Composé de 5 nouvelles (ou plutôt un roman et 4 nouvelles) distinctes mais reliées par certains personnages et par des évènements qui se déroulent dans les années 60, Coeurs perdus en Atlantide (lire la critique du film) n'est pas un roman d'horreur, style de prédilection et dans lequel on confine souvent ce grand auteur qu'est Stephen King. C'est une ode à l'humanité et aux années 60, une grande bouffée de nostalgie
Dans la première partie, qui se situe pendant l'été de 1960, on retrouve Bobby Garfield, Carol Gerber et Sully-John, trois enfants de 11 ans. Les 2 premiers en particulier sont secoués par 2 évènements qui leur feront perdre leur innocence:
- L'arrivée d'un vieux monsieur du nom de Ted, aux pouvoirs étranges, et des êtres en jaune qui le pourchassent, tout droit sortis de l'univers de La Tour Sombre.
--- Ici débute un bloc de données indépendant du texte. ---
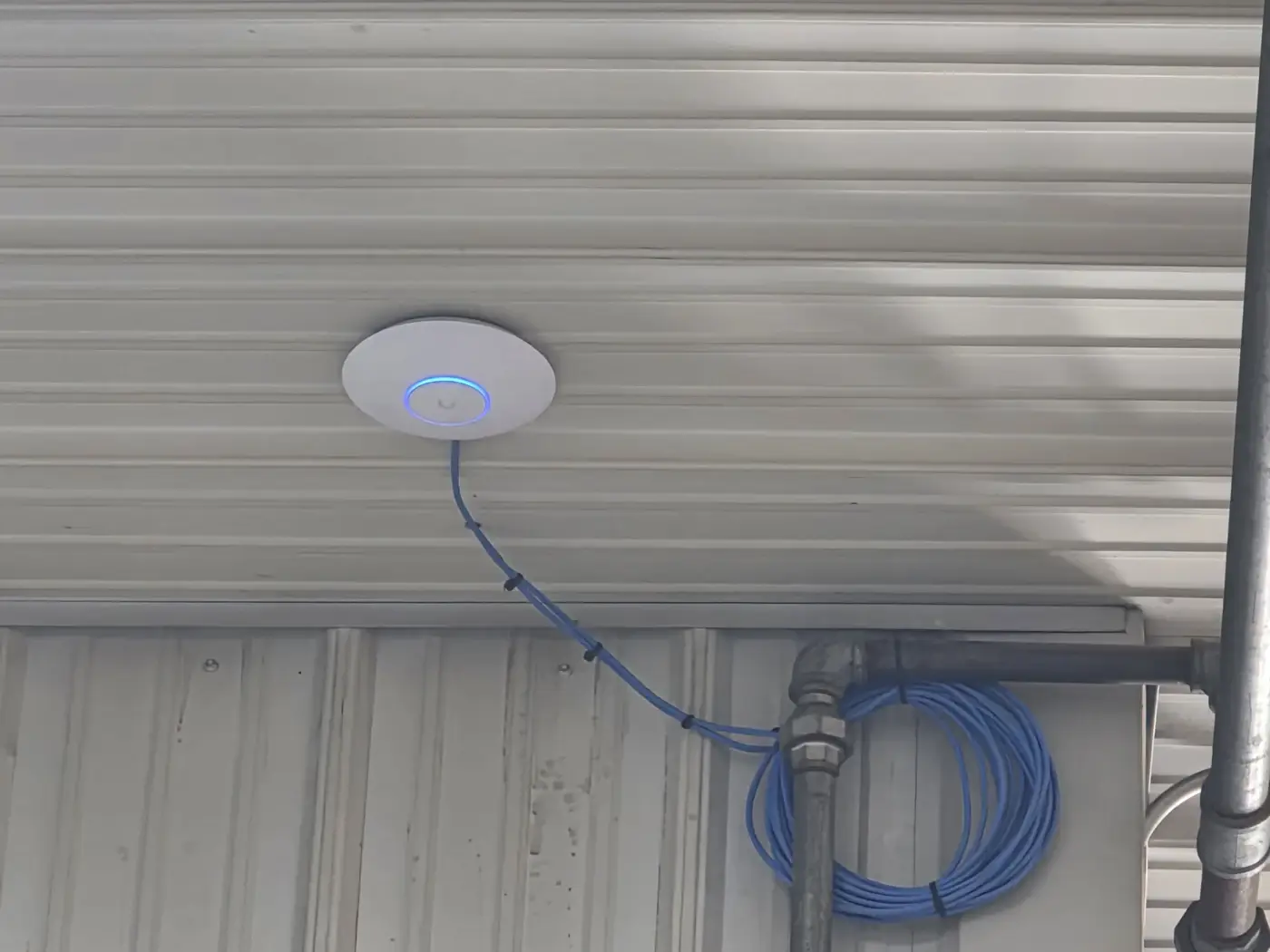 UniFi U7 Lite wireless access point installed for Graber Backhoe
C'est l'une des seuls véritables intrusions du fantastique.
- L'agression de Carol par 3 adolescents.
C'est cette agression que l'on retrouve quelque part comme élément charnière dans Chasse-coeurs en Atlantide, seule partie écrite à la première personne par un Pete Riley qui se souvient de sa première année de scolarité à l'université, en cet automne 1966. De scolarité il n'en est pas beaucoup question, on parle surtout d'un jeu de cartes infernal (le Chasse-coeurs), de la montée de la crise et du mouvement contre la guerre du Vietnam, et de Carol Gerber, dont il était tombé éperdument amoureux. On y apprend d'ailleurs la signification du titre, l'Atlantide étant la métaphore pour la disparition du monde comme il l'a connu.
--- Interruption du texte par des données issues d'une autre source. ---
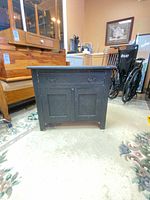 Front view of black solid wood cabinet, doors closed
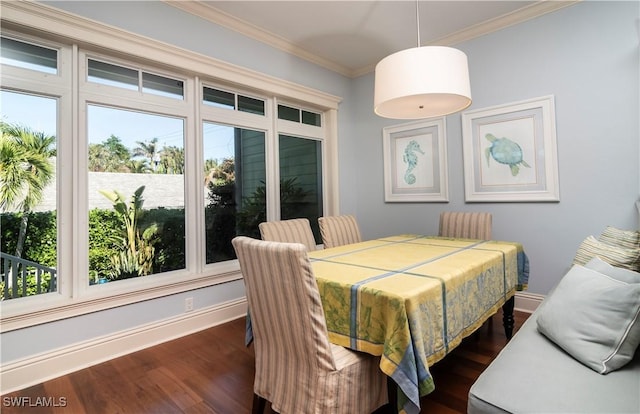 dining space with dark wood-type flooring and ornamental molding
Ces 2 premières parties sont les plus longues, mais aussi les plus intéressantes au niveau de l'ambiance et des relations humaines décrites: Bobby avec sa mère, avec Carol, ou avec Ted. Pas de fantastique dans la deuxième partie, juste un moment magique, comme le dit Pete lui-même, quand Carol lui confie le souvenir de l'agression, ce qui la suivit et ce qu'en sont les conséquences. L'ambiance des années 60 y est presque palpable, et, comme très souvent avec King, on croit aux personnages.
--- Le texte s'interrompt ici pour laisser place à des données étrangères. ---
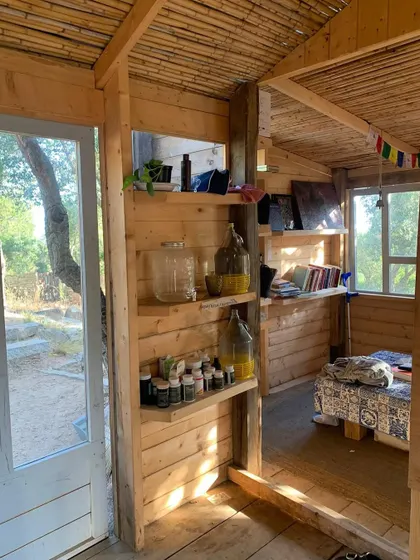 The interior of our retreat accommodation in Sardinia, filled with natural light. The environment is designed to be simple, clean, and supportive of your sadhana.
Les 2 parties suivantes sont moins touchantes et plus difficiles à digérer, dans l'ambiance et dans les personnages.
Dans Willie l'aveugle, on est en 1983 et on suit Willie Shearman, la quarantaine, pendant toute une journée. Il était impliqué dans l'agression de Carol et dans la guerre du Vietnam (il y était avec Sully-John, et avec un des joueurs de cartes de la deuxième partie). Il souffre d'un genre de schizophrénie, doublé de mythomanie. Arrivé à son bureau, il se change et et devient Billie, un homme à tout faire, puis Blind Willie, qui mendie, et qui devient vraiment aveugle au fur et à mesure de la journée, tout cela pour se repentir de ce qu'il a fait à Carol. Partie très mineure de cet ouvrage, on accroche vraiment pas, surtout à cause du manque de sympathie (dès les premières lignes) du personnage, et c'est avec soulagement qu'on remarque qu'il ne compte que 43 pages.
Dans Pourquoi nous étions en Vietnam, on retrouve Sully-John en 1999, qui va à l'enterrement d'un ancien compagnon du Vietnam. Ce qui fait qu'il se souvient avec son ancien lieutenant du Vietnam et, sur le chemin embouteillé du retour, de son enfance avec Bobby et Carol, de sa relation avec Carol pendant son adolescence. C'est avec plaisir qu'on retrouve Sully-John, mais l'histoire n'a pas beaucoup d'intérêt, seulement celui de nous guider de manière impressionnante vers un événement qui nous amène à la dernière partie:
Ainsi tombent les ombres célestes de la nuit
Conclusion, qui se situe aussi en 1999, directement reliée à la première histoire, où Bobby retourne dans le quartier de son enfance, belle et mystérieuse fin qui conclut à merveille cet oeuvre, dans laquelle plusieurs destins et personnages se croisent, s'aiment, se séparent. Tout cela avec un brin de fantastique et une bonne dose de magie.
Le fantastique de la première partie semble un peu comme un ovni parmi le reste mais donne à l'oeuvre finalement toute sa magie. Et ceux de qui auront lu le cycle de La Tour Sombre apprécieront. Les différents styles de narration et d'univers déstabilisent à chaque fois un peu, c'est comme si on se mettait à lire chaque fois un nouveau livre. Le tout reste heureusement homogène mais inégal.